FDS running too slow on linux clusters #13186

shivam11021 · 2024-07-17T14:35:11Z

Describe the bug
I recently installed FDS (the latest version) on my university's linux clusters. We have about 4 servers having 132 cpus each. I tried running a simulation on one server using 32 cpus (ntasks). The simulation is taking too long. In fact, it is even slower than my personal laptop. I am new to using FDS and would appreciate if someone could help. The job control script that I am using is attached.

Expected behavior
Was expecting FDS to run at a much faster pace

Screenshots

Here's how the output file looks

script2.txt

rmcdermo · 2024-07-17T14:56:05Z

We need to also see your input file. The output you provide shows you are only using 1 MPI process. Do you only have 1 mesh?

shivam11021 · 2024-07-17T15:14:35Z

Small_Scale_FINAL (1).txt

I think there are 3 meshes

rmcdermo · 2024-07-17T15:28:07Z

FDS can only map an MPI process to a single mesh (this is how we do domain decomposition). So, your --ntasks and --ntasks-per-node need to be 3.

But something else is not right because you are seeing "Number of MPI Processes: 1". I don't quite understand this.

But fix the number to 3 and try again and let us know.

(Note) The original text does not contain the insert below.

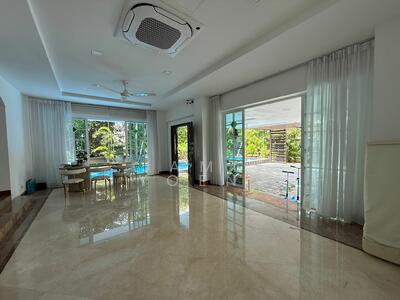 For Rent - Rare 2-storey Detached House with 5 Bedroom Close to Orchard Road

marcosvanella · 2024-07-17T15:28:43Z

Try this:
!/bin/bash
#SBATCH -J Small_Scale_FINAL.fds
#SBATCH -e /home/krishna1/a/sharm368/FDS/SAMPLE_FILES/f1.err
#SBATCH -o /home/krishna1/a/sharm368/FDS/SAMPLE_FILES/f1.log
#SBATCH --partition=batch # Replace 'your_queue_name' with the actual partition/queue name
#SBATCH --nodes=1
#SBATCH --ntasks=3
#SBATCH --cpus-per-task=1
export OMP_NUM_THREADS=1
cd /home/krishna1/a/sharm368/FDS/SAMPLE_FILES # Replace with the actual path if different
srun -N 1 -n 3 /home/krishna1/a/sharm368/FDS/FDS6/bin/fds Small_Scale_FINAL.fds

Tasks here refers to MPI processes, one per mesh. Note your meshes have significantly different sizes. This is bad for load balance. Your calculation will be as slow as the slowest worker, here the process managing mesh 02.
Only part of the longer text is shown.